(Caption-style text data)

+ + + + + + +

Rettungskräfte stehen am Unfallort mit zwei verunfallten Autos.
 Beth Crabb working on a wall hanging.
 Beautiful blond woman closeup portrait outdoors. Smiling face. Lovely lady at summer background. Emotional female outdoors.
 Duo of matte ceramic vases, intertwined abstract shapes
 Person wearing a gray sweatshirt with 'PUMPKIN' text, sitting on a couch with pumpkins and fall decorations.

+ + + + + + +

- TRY IT -
Copy out the records once more. Match them exactly.

- ANSWER BOX -
Rettungskräfte stehen am Unfallort mit zwei verunfallten Autos.
 Beth Crabb working on a wall hanging.
 Beautiful blond woman closeup portrait outdoors. Smiling face. Lovely lady at summer background. Emotional female outdoors.
 Duo of matte ceramic vases, intertwined abstract shapes
 Person wearing a gray sweatshirt with 'PUMPKIN' text, sitting on a couch with pumpkins and fall decorations.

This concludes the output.